━━ RECORDS SUPPLIED ━━

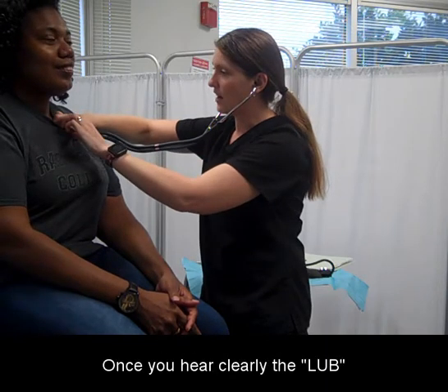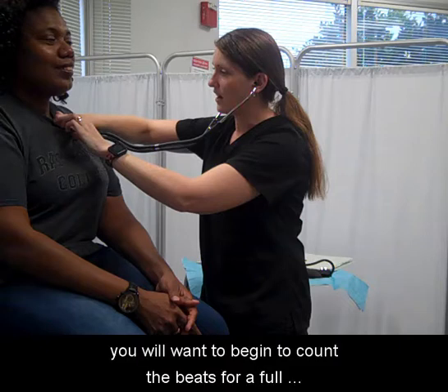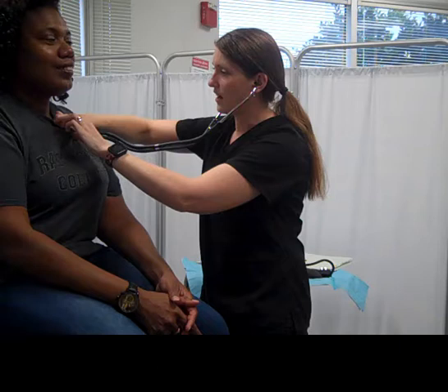Once you hear clearly the lub-dub sound of the heart beating, you will want to begin to count the beats for a full minute. One lub-dub sound counts as one beat per minute.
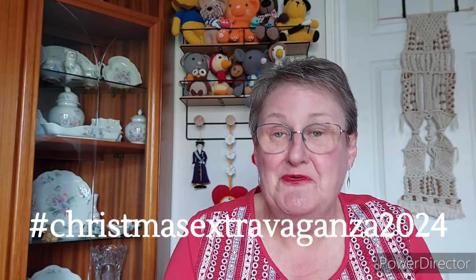Good morning, it's Pamela from Yorkshire in the north of England. I'm here to talk about K and K Crochets at Christmas Extravaganza 2024. I was happy to join in, unfortunately I'm really behind now.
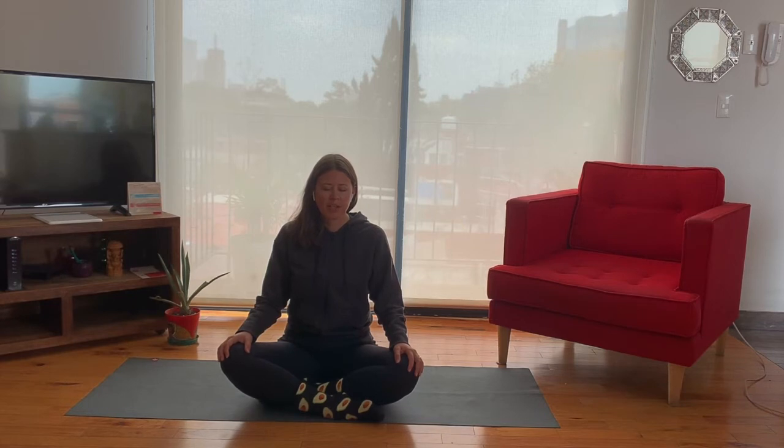From here we're going to start practicing a four count. Count to four as you inhale and then exhale for four. So exhale all your air out. Inhale deeply — one, two, three, four. Exhale — four, three, two, one. Again, inhale — one, two, three, four. Exhale — four, three, two, one. Continue like that for a few rounds, counting in your own head as you breathe.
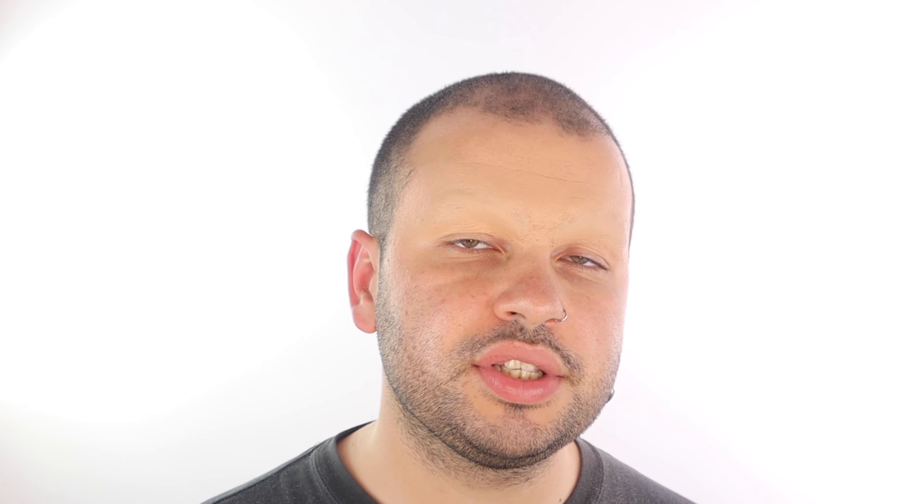And that is how you block out brows. This is a super fun technique if you want to do drag, create a Halloween creature on your face, or if you just want to experiment with makeup and change your features in any way — blocking out your brows is a really good technique to take your makeup further. With lots of practice you'll be able to get a nice smooth brow block so you can do whatever you like with makeup.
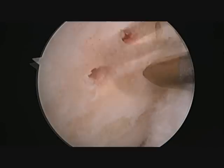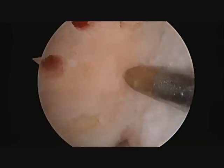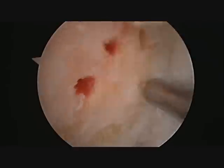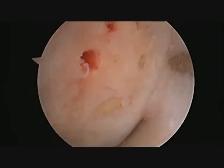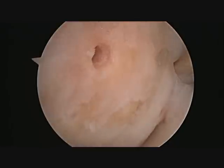Once that is completed, the microfracture awls are inserted and hammered through the subchondral bone into position. This will bring a large amount of blood and cellular products from the bone marrow into the defect to hopefully encourage healing with new scar cartilage. Some of these blood products can already be seen oozing into the defect through the microfractured holes.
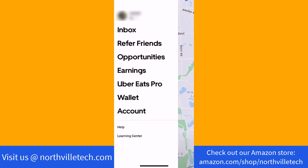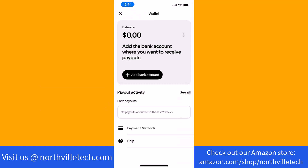On the left side menu, you will see an option for Wallet. Tap on Wallet. Here, you will see a button that says Add Bank Account. Tap on Add Bank Account.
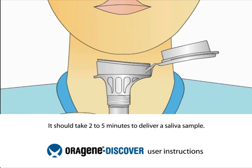Most people take between 2 and 5 minutes to deliver a saliva sample. Before spitting, relax and rub your cheeks gently for 30 seconds to create saliva.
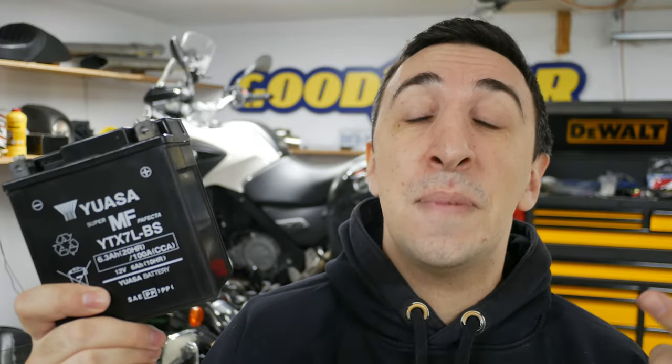Dead motorcycle battery. If I replace it but I could have just recharged it, it's going to cost me money I didn't need to spend. But if I just recharge it instead of replacing it and it leaves me stranded down the road again, it's going to cost me even more money. So how can I tell if I should replace or recharge my dead motorcycle battery? That's what we're going to be talking about in this video.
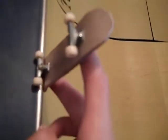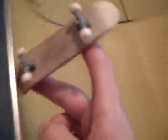Come up, pop the tail, get it about like this where your fingers are kind of right there. Hold it up and slide it down.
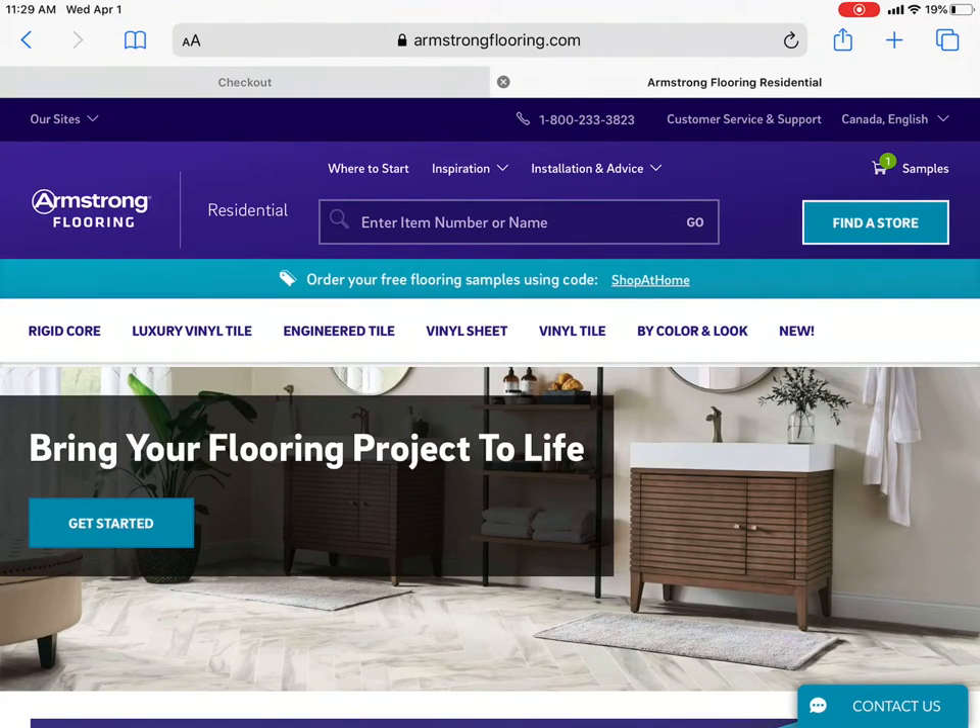Hello, today I want to take you through Armstrong's latest initiative called Shop at Home. First, go to armstrongflooring.com and then pick residential or commercial, whatever you're looking for. I chose residential.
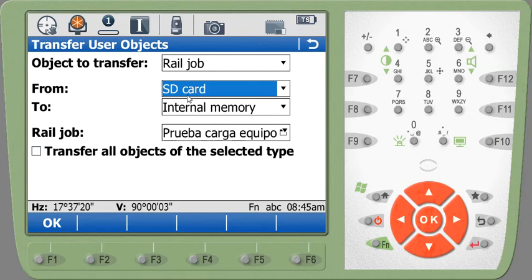I have stored the files in the DBX directory on my SD card and I'm going to transfer them into the internal memory — you'll see the name of my job. If we had multiple jobs we could check this box and it would upload all of the road jobs into the internal memory.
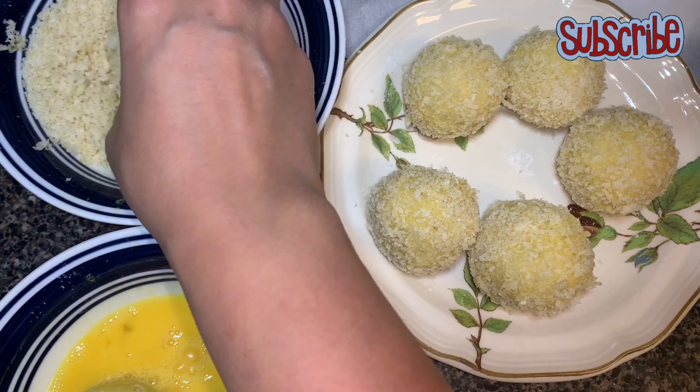Now we'll coat these with breadcrumbs — I'm using panko breadcrumbs, but if you have the regular ones you can use them as well. I'm dabbing so that the breadcrumbs stick really well with the beaten egg. Now we'll coat all the balls in the same way — here's a fast-forward video.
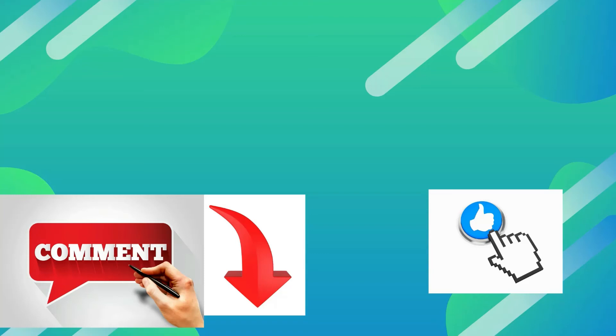If you liked the video and want to see more How To's in Under 2, please like, subscribe, and click bell notifications. Comment down below if you have any requests.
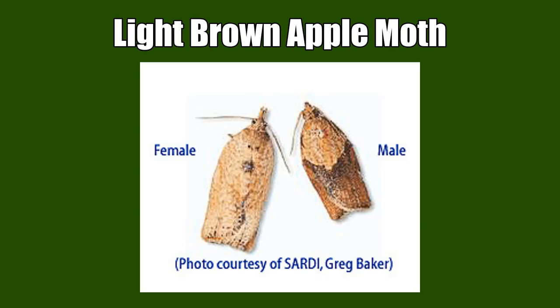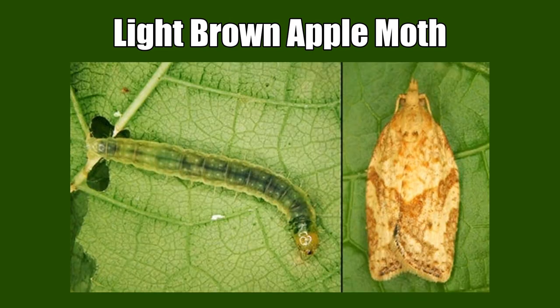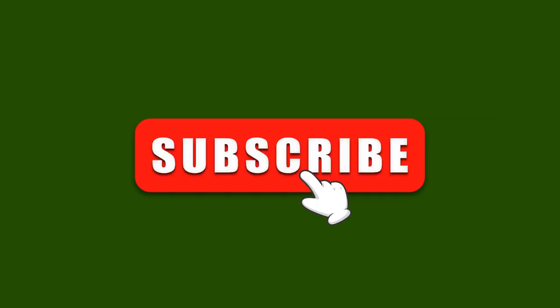Welcome to this video. Have you seen any light brown apple moth before? If not, no worries. We will show you how they look like in this video. If you've seen one, please comment below to let us know when or where you've seen one. And don't forget to subscribe. So let's get started.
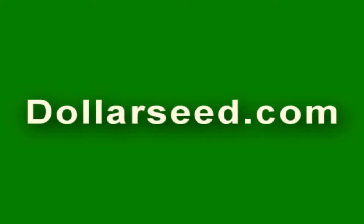Sponsored in part by DollarSeed.com, for your flowers, vegetables, and herbs — all organic seeds, all only a dollar a pack. DollarSeed.com.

━━━

EXERCISE DESCRIPTION: Nothing but an exact copy is asked for: the lines from the start of the records through the line with "Good morning, it's", both ends included, minus any pictures.

RESULT OF THE EXERCISE:
Once you hear clearly the lub-dub sound of the heart beating, you will want to begin to count the beats for a full minute. One lub-dub sound counts as one beat per minute.
Good morning, it's Pamela from Yorkshire in the north of England. I'm here to talk about K and K Crochets at Christmas Extravaganza 2024. I was happy to join in, unfortunately I'm really behind now.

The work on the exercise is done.